**What you should do**: Scan the records for the word "Running". Return each line where it is found.

------ Dataset ------

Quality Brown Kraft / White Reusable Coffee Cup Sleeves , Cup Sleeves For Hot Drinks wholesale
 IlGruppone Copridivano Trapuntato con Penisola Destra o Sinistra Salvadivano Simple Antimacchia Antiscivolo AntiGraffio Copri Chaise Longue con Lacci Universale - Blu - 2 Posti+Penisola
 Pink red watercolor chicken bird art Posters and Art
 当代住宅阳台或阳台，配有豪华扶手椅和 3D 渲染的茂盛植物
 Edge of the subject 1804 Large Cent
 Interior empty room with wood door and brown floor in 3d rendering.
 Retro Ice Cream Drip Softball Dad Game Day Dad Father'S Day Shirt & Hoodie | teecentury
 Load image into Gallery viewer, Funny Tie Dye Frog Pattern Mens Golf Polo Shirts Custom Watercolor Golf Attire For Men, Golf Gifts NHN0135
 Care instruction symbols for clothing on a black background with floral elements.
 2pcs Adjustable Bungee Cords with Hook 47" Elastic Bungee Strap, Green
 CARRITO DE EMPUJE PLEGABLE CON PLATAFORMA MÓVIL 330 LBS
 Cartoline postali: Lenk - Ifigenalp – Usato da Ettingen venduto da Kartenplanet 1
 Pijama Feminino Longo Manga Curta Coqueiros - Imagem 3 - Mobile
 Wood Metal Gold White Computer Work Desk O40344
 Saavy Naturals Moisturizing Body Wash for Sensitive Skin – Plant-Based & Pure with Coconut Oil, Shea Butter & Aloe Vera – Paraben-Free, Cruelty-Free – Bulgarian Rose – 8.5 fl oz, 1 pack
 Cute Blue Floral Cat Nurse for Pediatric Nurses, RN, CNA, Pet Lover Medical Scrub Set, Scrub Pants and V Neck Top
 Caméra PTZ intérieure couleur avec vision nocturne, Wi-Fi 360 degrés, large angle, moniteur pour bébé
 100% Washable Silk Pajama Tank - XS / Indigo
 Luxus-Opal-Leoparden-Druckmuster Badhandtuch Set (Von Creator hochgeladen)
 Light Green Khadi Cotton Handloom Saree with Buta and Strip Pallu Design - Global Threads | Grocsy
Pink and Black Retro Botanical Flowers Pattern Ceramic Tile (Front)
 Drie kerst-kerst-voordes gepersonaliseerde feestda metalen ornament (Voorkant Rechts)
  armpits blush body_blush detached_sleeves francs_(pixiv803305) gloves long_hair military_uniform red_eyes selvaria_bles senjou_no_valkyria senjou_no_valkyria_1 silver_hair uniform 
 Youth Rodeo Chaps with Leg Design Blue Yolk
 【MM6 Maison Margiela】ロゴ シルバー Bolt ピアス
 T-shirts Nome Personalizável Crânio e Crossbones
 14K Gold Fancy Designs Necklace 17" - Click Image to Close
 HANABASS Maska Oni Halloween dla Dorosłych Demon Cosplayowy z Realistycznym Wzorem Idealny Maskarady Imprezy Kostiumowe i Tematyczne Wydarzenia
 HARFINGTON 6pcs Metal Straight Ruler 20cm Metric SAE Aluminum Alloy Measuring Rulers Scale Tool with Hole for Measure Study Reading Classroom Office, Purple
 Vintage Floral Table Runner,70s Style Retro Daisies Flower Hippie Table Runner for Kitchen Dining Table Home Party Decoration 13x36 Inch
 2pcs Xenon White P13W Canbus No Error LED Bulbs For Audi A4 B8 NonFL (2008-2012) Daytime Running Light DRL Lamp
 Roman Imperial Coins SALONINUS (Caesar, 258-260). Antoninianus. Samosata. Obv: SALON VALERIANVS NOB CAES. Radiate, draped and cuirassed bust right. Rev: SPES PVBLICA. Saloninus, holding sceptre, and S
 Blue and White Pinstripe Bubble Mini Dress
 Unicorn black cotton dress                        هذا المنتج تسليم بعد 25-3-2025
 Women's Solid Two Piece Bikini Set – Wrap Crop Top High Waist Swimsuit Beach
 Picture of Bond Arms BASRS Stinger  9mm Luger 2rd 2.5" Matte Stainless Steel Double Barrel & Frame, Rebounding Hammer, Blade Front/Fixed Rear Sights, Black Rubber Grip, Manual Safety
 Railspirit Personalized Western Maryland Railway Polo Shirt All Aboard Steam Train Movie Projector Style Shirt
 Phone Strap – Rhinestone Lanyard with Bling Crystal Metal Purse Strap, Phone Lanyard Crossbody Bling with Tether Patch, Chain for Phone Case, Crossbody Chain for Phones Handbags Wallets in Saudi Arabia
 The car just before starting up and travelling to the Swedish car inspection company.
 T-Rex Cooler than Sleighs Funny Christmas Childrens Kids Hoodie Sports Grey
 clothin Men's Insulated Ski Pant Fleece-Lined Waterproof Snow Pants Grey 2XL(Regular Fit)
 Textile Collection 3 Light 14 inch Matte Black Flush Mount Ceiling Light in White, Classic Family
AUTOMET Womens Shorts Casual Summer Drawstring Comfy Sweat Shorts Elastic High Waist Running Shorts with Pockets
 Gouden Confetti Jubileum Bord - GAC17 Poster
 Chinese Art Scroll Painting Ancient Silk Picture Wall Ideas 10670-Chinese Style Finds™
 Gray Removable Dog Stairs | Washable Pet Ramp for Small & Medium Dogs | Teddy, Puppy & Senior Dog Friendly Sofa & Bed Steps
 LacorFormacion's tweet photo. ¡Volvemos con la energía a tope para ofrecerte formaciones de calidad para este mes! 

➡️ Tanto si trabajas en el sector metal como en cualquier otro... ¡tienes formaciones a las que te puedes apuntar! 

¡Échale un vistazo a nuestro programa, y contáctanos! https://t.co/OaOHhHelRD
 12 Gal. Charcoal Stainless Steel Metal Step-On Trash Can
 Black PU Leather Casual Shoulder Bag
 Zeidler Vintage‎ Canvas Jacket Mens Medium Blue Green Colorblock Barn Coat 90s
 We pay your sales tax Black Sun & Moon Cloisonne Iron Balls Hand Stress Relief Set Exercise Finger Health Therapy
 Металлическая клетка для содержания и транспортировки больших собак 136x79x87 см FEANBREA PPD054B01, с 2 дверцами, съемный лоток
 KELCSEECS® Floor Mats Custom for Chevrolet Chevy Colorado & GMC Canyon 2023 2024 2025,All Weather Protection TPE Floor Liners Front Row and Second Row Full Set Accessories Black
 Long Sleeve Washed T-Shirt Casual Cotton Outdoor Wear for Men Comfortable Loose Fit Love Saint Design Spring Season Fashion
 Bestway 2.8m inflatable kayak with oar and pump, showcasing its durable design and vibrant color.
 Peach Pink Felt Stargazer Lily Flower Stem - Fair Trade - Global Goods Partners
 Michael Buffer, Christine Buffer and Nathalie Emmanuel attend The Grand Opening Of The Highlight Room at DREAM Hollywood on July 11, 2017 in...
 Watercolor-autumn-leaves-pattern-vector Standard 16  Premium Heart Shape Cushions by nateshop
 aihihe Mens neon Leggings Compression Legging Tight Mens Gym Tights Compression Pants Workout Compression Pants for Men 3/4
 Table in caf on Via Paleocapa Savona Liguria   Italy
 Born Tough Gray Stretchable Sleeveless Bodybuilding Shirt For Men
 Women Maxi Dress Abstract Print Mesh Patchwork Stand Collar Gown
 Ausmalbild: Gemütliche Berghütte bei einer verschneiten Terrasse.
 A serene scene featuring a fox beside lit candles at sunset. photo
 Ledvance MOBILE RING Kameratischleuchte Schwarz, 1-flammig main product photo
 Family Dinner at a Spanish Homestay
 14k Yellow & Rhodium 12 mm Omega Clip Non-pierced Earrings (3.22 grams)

------

**Expected answer**:
 2pcs Xenon White P13W Canbus No Error LED Bulbs For Audi A4 B8 NonFL (2008-2012) Daytime Running Light DRL Lamp
AUTOMET Womens Shorts Casual Summer Drawstring Comfy Sweat Shorts Elastic High Waist Running Shorts with Pockets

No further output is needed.